Work to complete. Type the data below again exactly. Omit all pictures.

Provided material.
=== Section Start ===
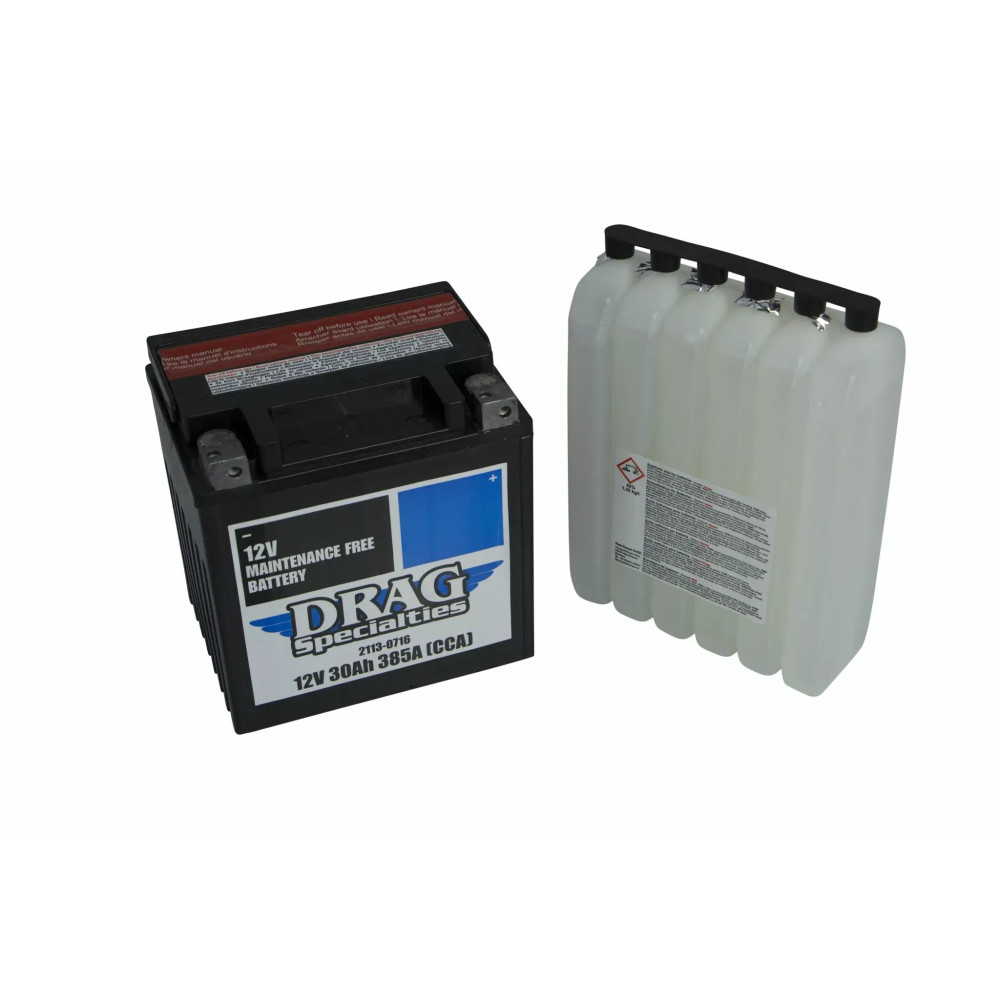 Maintenance Free Battery — 12 V, 30 Ah, 166×127×175 mm, YIX30L-FT, 400 A CCA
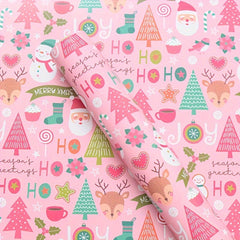5pcs Cartoon Christmas Wrapping Paper - Multiple Patterns for Christmas Decorati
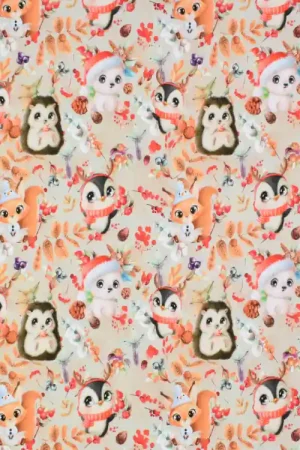 Wintersweat Christmas Animals, beige Populair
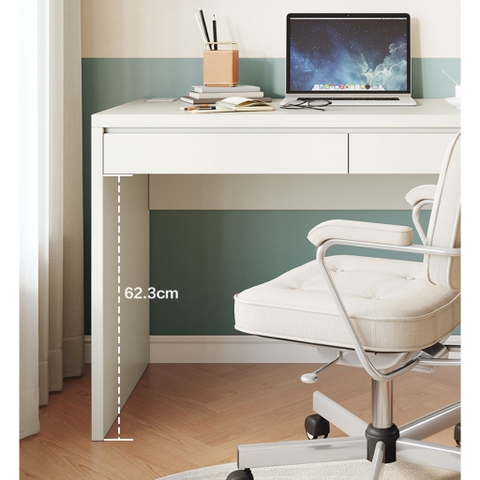 Bàn làm việc, bàn học 2 ngăn kéo 100x55x76cm thiết kế tối giản Yapi-415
=== Section End ===
Completed exercise.
 Maintenance Free Battery — 12 V, 30 Ah, 166×127×175 mm, YIX30L-FT, 400 A CCA
5pcs Cartoon Christmas Wrapping Paper - Multiple Patterns for Christmas Decorati
 Wintersweat Christmas Animals, beige Populair
 Bàn làm việc, bàn học 2 ngăn kéo 100x55x76cm thiết kế tối giản Yapi-415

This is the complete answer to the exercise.